Sydney Tomes, manager of UMD's student event-programming group, says the sour-cream-slathered-snack-break proved so popular that they added it to Spring Week. The group serves Top the Tater (original flavor, plus the taco, buffalo and bacon versions) with chips and pretzels to hundreds of students, who can also win Top the Tater merch. (The brand sells sunglasses, scarves, fanny packs and more.) "People are so excited," she said. "They want it all."

Tomes said the neon-green containers are a constant presence at UMD students' homes, tailgate parties and camping trips. Students smear it on sloppy joes ("it's surprisingly good") and add it to guacamole and tater tot hot dish. "It's always in the fridge," she said. "It's everywhere." Students have credited Top the Tater with getting them through college, she added.

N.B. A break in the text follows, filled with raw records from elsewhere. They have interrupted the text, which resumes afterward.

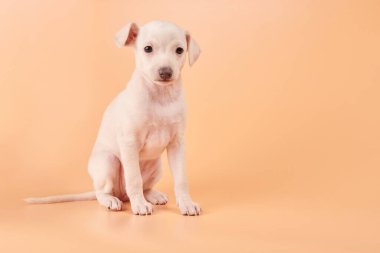 Portakallı şeftali rengi stüdyo arka planında izole edilmiş şirin İtalyan tazı yavrusu portresi. Küçük av köpeği beyaz bej kolo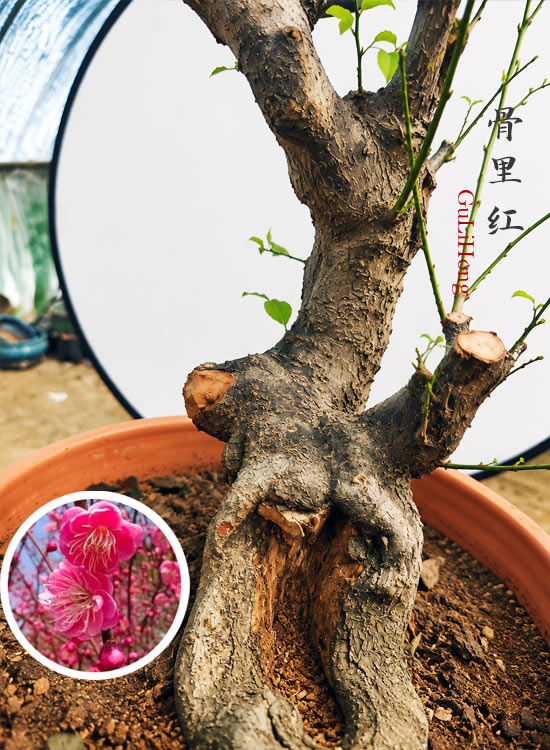 Pre-Sale Rare Japanese Apricot Bonsai (Prunus mume) – 15+ Year Old Red Core Flowering Specimen (Copy) CYMUS Cymbidium Orchids Plum Blossom Bonsai Sale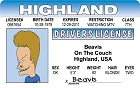 ID-Beavis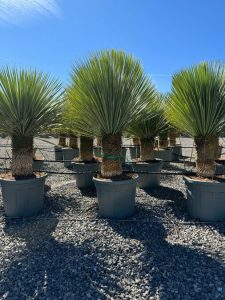 Yucca Rostrata - Palmier - Hauteur de la tige 40/50 cm - 160 cm - Lys de palmier rustique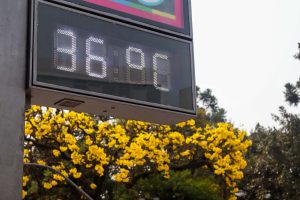 Parte do Paraná teve o inverno mais quente em quase três décadas, aponta Simepar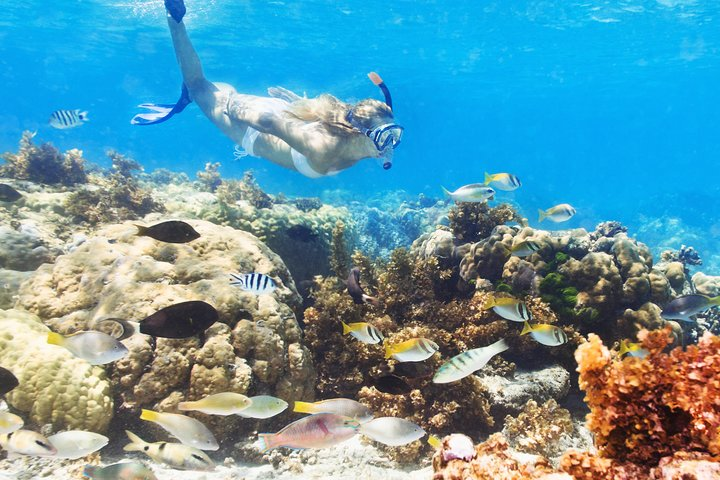 Snorkeling in Punta Cana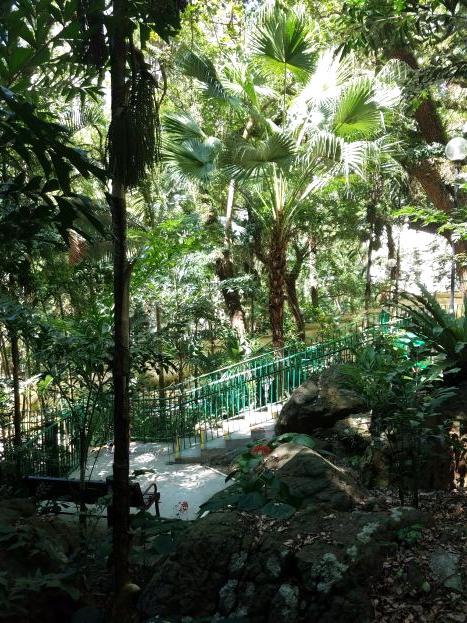 城西公园 城西公园介绍 电话 地址 周边景点 飞猪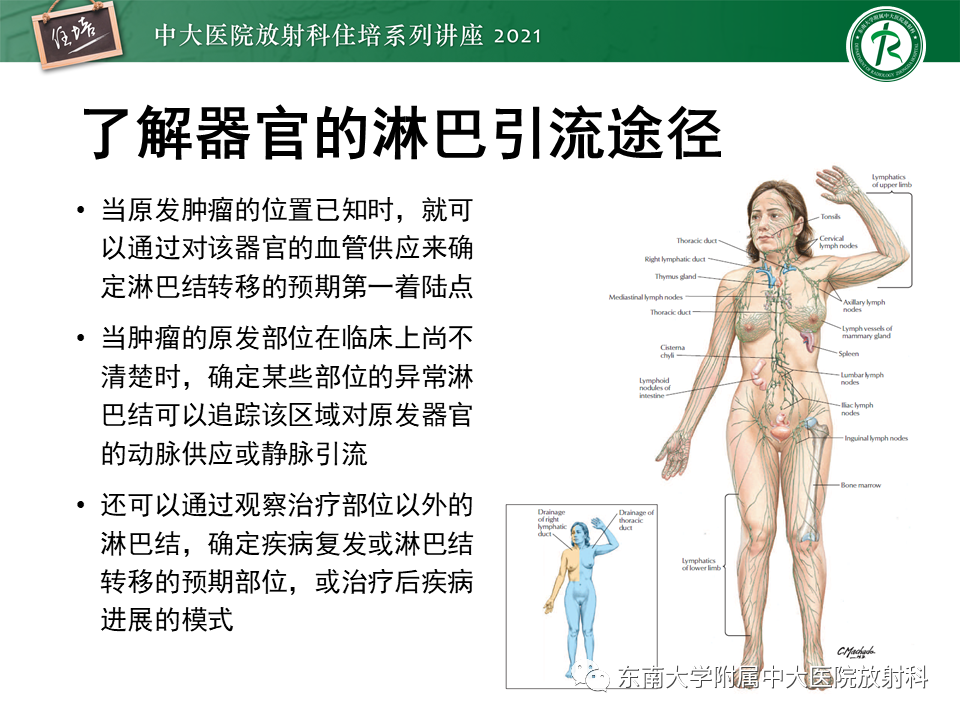 影像PPT - 【PPT】腹部淋巴结分区及影像分析-7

Tomes has noticed that compared with her hometown in the west metro, Duluth grocers are more likely to carry all the Top the Tater flavors and put them on prominent display. So she loves letting Twin Citians in on the secret, as she did last July 4th by bringing Top the Tater to a friend's gathering on Lake Waconia.

"Their entire family went crazy," Tomes said. "It was gone in 10 minutes."